Maxime, cujo nome de nascimento era Max Hans e tinha ascendência judaica, havia deixado a Alemanha devido à ascensão nazista, passando a assinar Maxime, para evitar a identificação de sua origem germânica. Ele chegou ao Peru em 1936 e ali se estabeleceu pelo resto da vida. Inicialmente, foi acolhido por Carlos Enrique Soldán, diretor do Instituto de Medicina da Universidade de San Marcos, com quem colaborou na revista La Reforma Médica, então dirigida pelo médico peruano. A partir do início dos anos 1940, Maxime Kuczynski passou a exercer diversos cargos ligados ao governo na área de salubridade, inicialmente na região amazônica e depois, também, na serra peruana (Cueto, 2000, p. 42-55). Tendo se radicado no Peru, passou a se identificar como peruano.20 A revista AI, por exemplo, quando da publicação de seu artigo, em 1946, o apresenta como “Peruano. Doctor en Medicina e Ciencias Naturales”.21

Em seu referido artigo publicado na revista AI, o médico peruano-alemão apresentou vários dados estatísticos que provinham do trabalho que desenvolveu nas regiões de Cuzco e Puno, onde se deparou com a situação de superexploração vivida pelos indígenas. Conforme destacou no texto, seu trabalho como “higienista” (assim se identificou) o levava a “ocuparse de tal padecimiento social grave como del terreno esencial del cual brotan sus propios problemas [médico-sanitarios]”. Por essa razão, desenvolveu uma investigação a respeito de um enorme latifúndio serrano, que, segundo ele, “si no e[ra] el fondo más grande del Cuzco, por lo menos e[ra] de extensión excepcional valorándose su superficie en no menos de 40 leguas cuadradas”. Ainda segundo o autor, esse terreno correspondia a uma área que “originalmente fueron 6 ayllus”.22

No texto decorrente desse estudo que publicou em AI, Kuczynski buscou levantar argumentos gerais sobre a questão indígena relacionada ao problema do latifúndio, partindo de suas observações sobre o caso específico por ele analisado.
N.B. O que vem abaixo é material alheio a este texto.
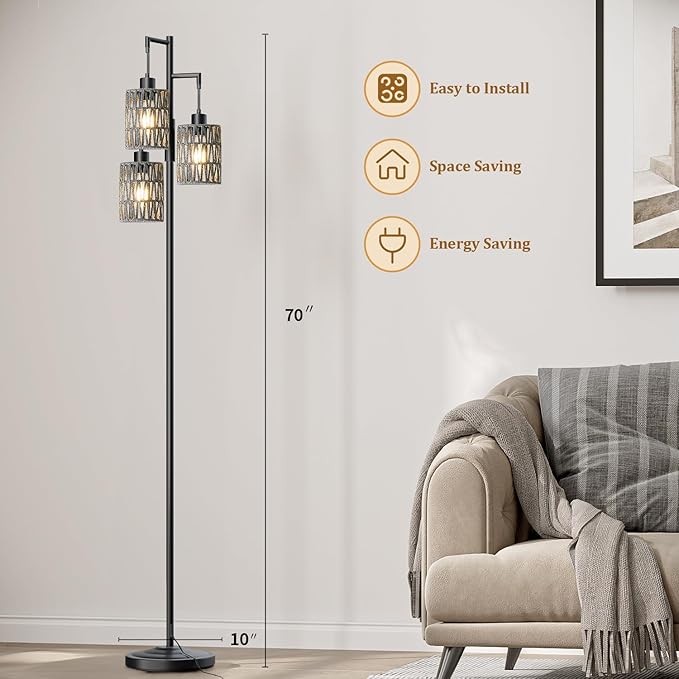 Oneach 70" Floor Lamps for Living Room, Stepless Dimmable Boho Floor Lamp with 3 Bulbs, Tall Farmhouse Industrial Corner Standing Tree Lamp for Bedroom, Office, Study Room, Black with Grey Shades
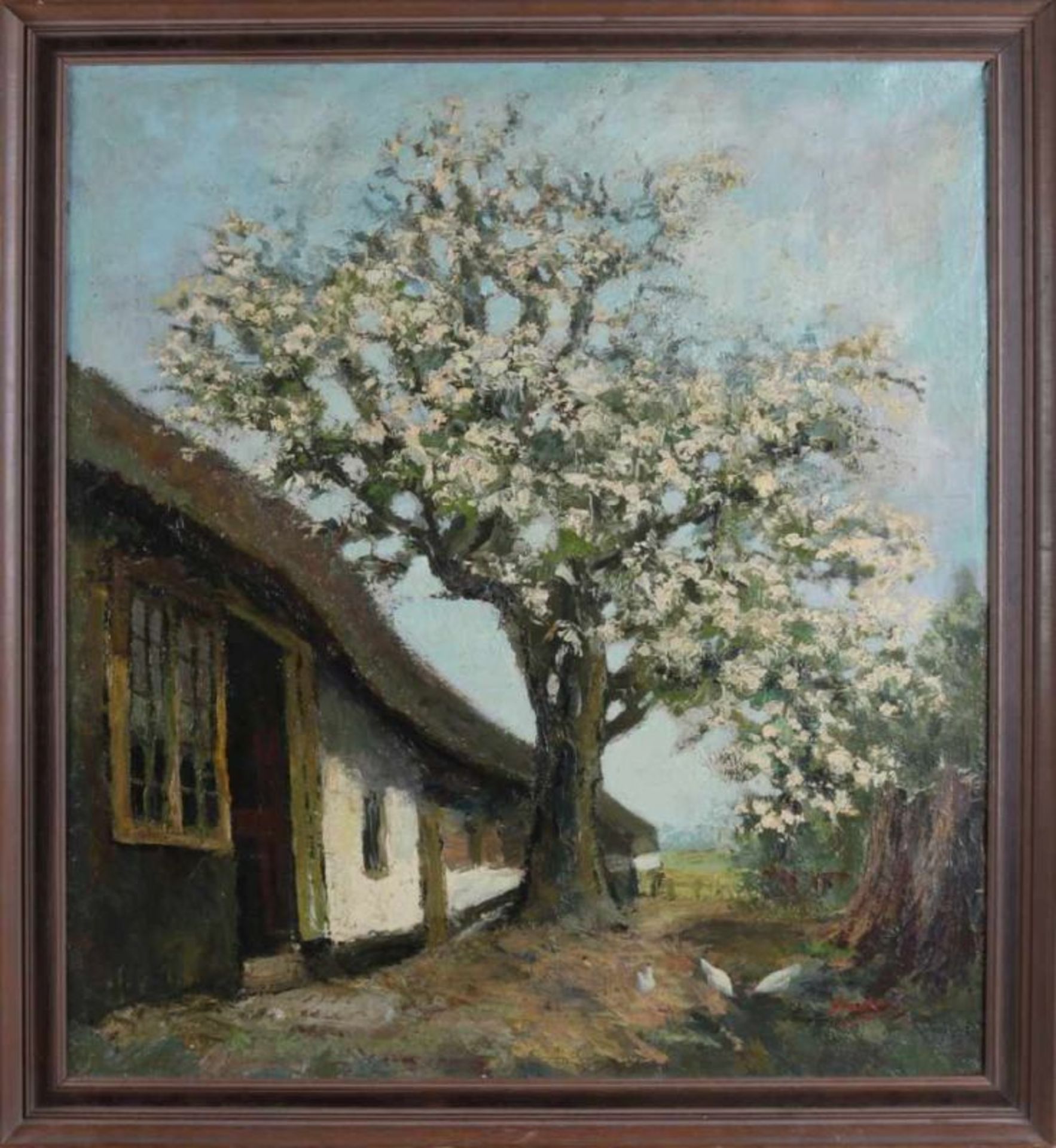 H. Fortuin. Farmhouse at fruit tree, circa 1920.  Oil paint on linen. Dimensions: 66 x 60 cm. In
Apesar de reconhecer a existência de uma “explotación del indio según principios feudales”, o que transformava latifundiários e nativos em “dos facciones profundamente opuestas”, para o médico peruano-alemão, não lhe competia tomar partido de nenhum dos lados, tendo em vista seu papel como cientista, que deveria ser um “observador estrictamente neutral”.23

Mas, apesar do argumento de uma suposta neutralidade científica, o médico sanitarista peruano-alemão não deixou de expressar sua visão a respeito da problemática social analisada e propor uma solução, que passava pela crítica veemente ao ideal de revitalização dos ayllus como algo sentimentalista e sem possibilidade de aplicação prática. Em suas próprias palavras:

Me parece muy falso ceder a movimientos más bien sentimentales que racionales, y propagar el restablecimiento de ‘comunidades indígenas.’ Esta no es la solución del dilema actual […]. La ‘comunidad indígena’ difícilmente por su propia actividad podría desarrollarse, progresar como lo deseamos en el interés del campesino y del Estado. […] Si no queremos al campesino económicamente esclavizado, tampoco es ideal vislumbrarle ‘libre’, pero ocioso, arcaico, ‘indígena.’ […] Los intereses de 3 a 4 millones de peruanos, hoy todavía ‘indígenas’, estrechamente coinciden con los de la Nación. […] El verdadero problema nacional es la incorporación de esta masa, tanto en el sentido cultural cuanto económico.24

A argumentação apresentada por Kuczynski expressa de modo exemplar uma posição indigenista bastante disseminada naquele momento na América Latina, identificada ao ideal de “incorporação indígena” à civilização ocidental, entendida como a única moderna e superior. Nessa perspectiva, a identidade indígena era entendida como algo transitório, que deixaria de existir com o avanço do processo de incorporação cultural. Aqueles que “ainda” eram indígenas deveriam ser transformados em camponeses, cultural e economicamente inseridos no Estado nacional. Tal processo de incorporação era identificado como algo essencial para se consolidar uma nação moderna, entendida como culturalmente homogênea.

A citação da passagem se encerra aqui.